The Obama-era Chemical Disaster Rule is one of several rules or proposals meant to lessen the risks of major, possibly high-casualty industrial disasters that have been weakened under Trump. Others include stripping a Nuclear Regulatory Commission proposed rule that would have required nuclear plants to greatly harden their facilities against the kind of natural disasters that struck the plant in Fukushima, Japan.
Other steps cut proposed safety requirements for offshore rigs after the Deepwater Horizon explosion, and allowed shipment of liquefied natural gas by rail despite criticism from several states, firefighters and the National Transportation Safety Board.
The Environmental Protection Agency, which has trimmed scores of environmental and public health protections that the Trump administration sees as unfriendly to business, did not immediately respond to a request for comment Wednesday about the rollback.
At the time, EPA Administrator Andrew Wheeler said the weakening of the proposed Chemical Disaster Rule would save $88 million a year in compliance costs. Wheeler said the administration’s move “addresses emergency responders’ longstanding concerns and maintains important public safety measures” while saving money.
Elena Craft, a Texas-based senior director with the Environmental Defense Fund environmental group, cited the Chemical Disaster Rule among a series of other proposals weakening protections for the communities – often lower income, and disproportionately Black or Hispanic – living around dangerous industrial sites.

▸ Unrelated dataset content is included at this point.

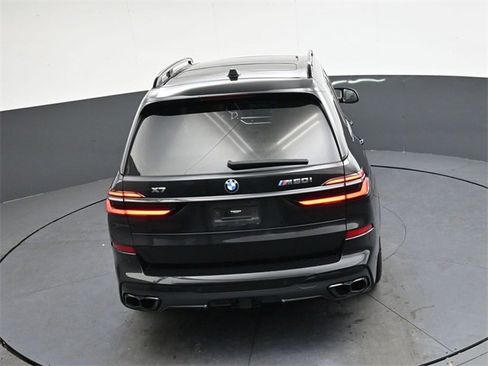 Used 2024 BMW X7 M60i w/ Executive Package image 21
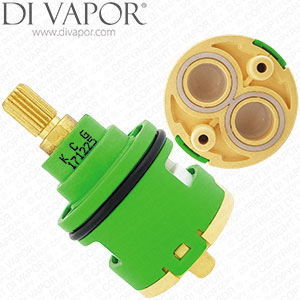 Moretti Milan Shower Valve Diverter Flow Cartridge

Even the West, Texas disaster, with its toll on first responders, failed to change the regulatory picture much after the headlines faded away, Craft said. “It’s always been sort of the constant story … it to be gets accepted business in Texas.”
In 1989, Juan Flores was in sixth grade when an explosion at a Phillips 66 plastics plant near his Galena Park, Texas, community outside Houston killed 23. The blast shook Flores’ school and blew out windows.
That area bordering Houston’s Shipping Channel is the nation’s hub for oil and gas and petrochemicals. Yet Houston’s lack of zoning means residents’ yards in poorer and minority neighborhoods butt up against looming chemical and petroleum storage tanks or booming industrial sites working with hazardous materials.
Six major chemical explosions have rocked the Houston area since March 2019 alone. One, an explosion at a chemical tank, prompted widespread shelter-in-place orders for residents and sent a mile-high plume of smoke over the city for days. A more recent chemical blast, in January, killed three people and damaged more than 450 surrounding buildings.
“To see that happen” in Beirut, it was the worst-case scenario for already worried people in his community, said Flores, a community activist and former Galena Park mayor. “There’s one or two plants here, if they ever go, there’s a chance we could wind up in that situation.”
In West, street images on Google Maps still show crumbled buildings that were taken shortly after the blast that shook the town of only 3,000 people. “They’ve never come back with their little car,” Muska said of Google.
Ammonium nitrate isn’t stored in the town any longer. “It’s got it’s useful places in the farming community,”” Muska said. “But it’s also, like we just saw yesterday, it can just be devastating.”